When users requests On-Demand Instances from a pool to the point that the pool is depleted, the system will select a set of Spot Instances from the pool to be terminated. A Spot Instance pool is a set of unused EC2 instances with the same instance type (for example, m5.large), operating system, Availability Zone, and network platform. The Spot Instance is sent an interruption notice two minutes ahead to gracefully wrap up things.

We will deploy a pod on each Spot Instance to detect the instance termination notification signal so that we can both terminate gracefully any pod that was running on that node, drain from load balancers and redeploy applications elsewhere in the cluster.

AWS Node Termination Handler ensures that the Kubernetes control plane responds appropriately to events that can cause your EC2 instance to become unavailable, such as EC2 maintenance events, EC2 Spot interruptions, ASG Scale-In, ASG AZ Rebalance, and EC2 Instance Termination via the API or Console. If not handled, your application code may not stop gracefully, take longer to recover full availability, or accidentally schedule work to nodes that are going down.

The aws-node-termination-handler (NTH) can operate in two different modes: Instance Metadata Service (IMDS) or the Queue Processor.

  • The aws-node-termination-handler Instance Metadata Service Monitor will run a small pod on each host to perform monitoring of IMDS paths like /spot or /events and react accordingly to drain and/or cordon the corresponding node.
  • The aws-node-termination-handler Queue Processor will monitor an SQS queue of events from Amazon EventBridge for ASG lifecycle events, EC2 status change events, Spot Interruption Termination Notice events, and Spot Rebalance Recommendation events.
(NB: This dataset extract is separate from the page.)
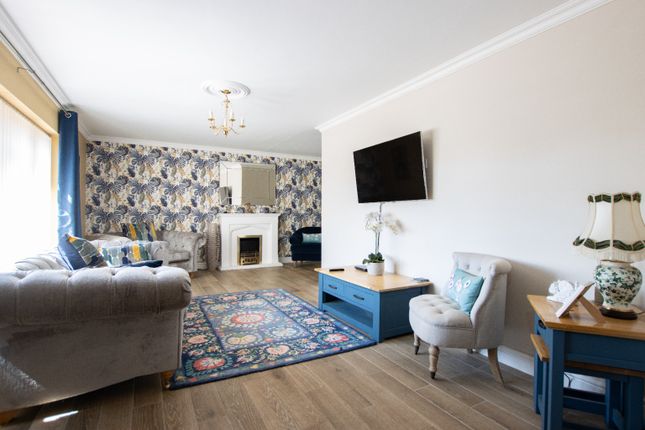 15 Fir Close, Heacham, Norfolk photo 3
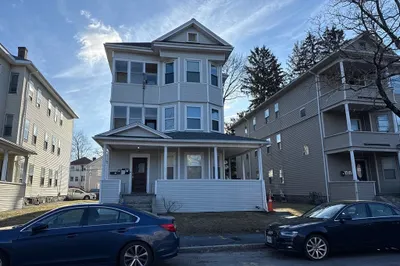 176 Russell St 1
When NTH detects an instance is going down, we use the Kubernetes API to cordon the node to ensure no new work is scheduled there, then drain it, removing any existing work. The termination handler Queue Processor requires AWS IAM permissions to monitor and manage the SQS queue and to query the EC2 API. Review below table to decide on which option to use:
Syntax IMDS Processor Queue Processor
K8s DaemonSet
K8s Deployment
Spot Instance Interruptions (ITN)
Scheduled Events
EC2 Instance Rebalance Recommendation
ASG Lifecycle Hooks
EC2 Status Changes
Setup Required

To keep it simple, we will use Helm chart to deploy aws-node-termination-handler in IMDS mode on each Spot Instance as a DaemonSet. Within the aws-node-termination-handler in IMDS mode, the workflow can be summarized as:

  • Identify that a Spot Instance is being reclaimed.
  • Use the 2-minute notification window to gracefully prepare the node for termination.
  • Taint the node and cordon it off to prevent new pods from being placed.
  • Drain connections on the running pods.
  • Replace the pods on remaining nodes to maintain the desired capacity.
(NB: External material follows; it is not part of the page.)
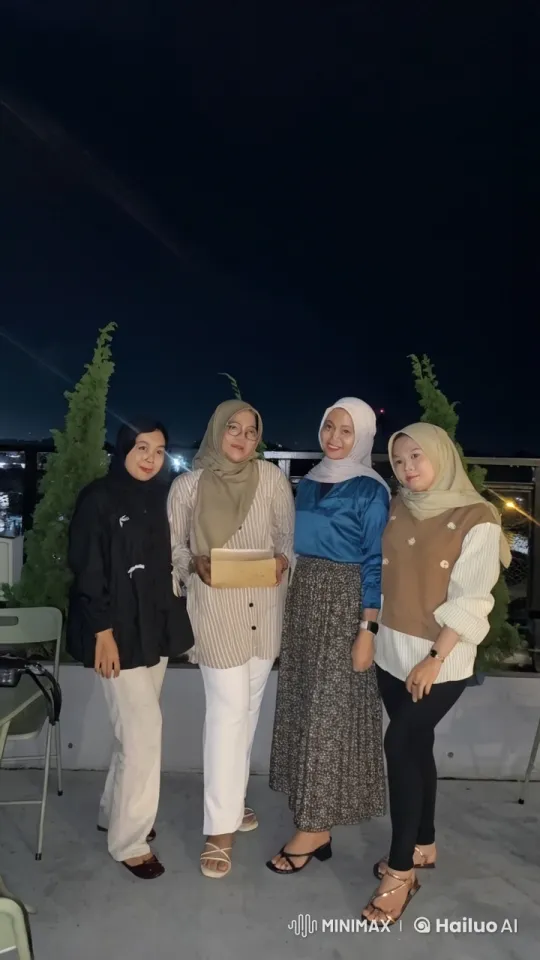 Nighttime Kungfu Performance by Four Women – AI Generated Video | Hailuo AI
By default, aws-node-termination-handler will run on all of your nodes. Let’s limit it’s scope to only self managed node groups with Spot Instances.

helm repo add eks https://aws.github.io/eks-charts
helm install aws-node-termination-handler \
             --namespace kube-system \
             --version 0.21.0 \
             --set nodeSelector.type=self-managed-spot \
             eks/aws-node-termination-handler

Verify that the pods are running on all nodes:

kubectl get daemonsets --all-namespaces

Use kube-ops-view to confirm AWS Node Termination Handler DaemonSet has been deployed to all nodes.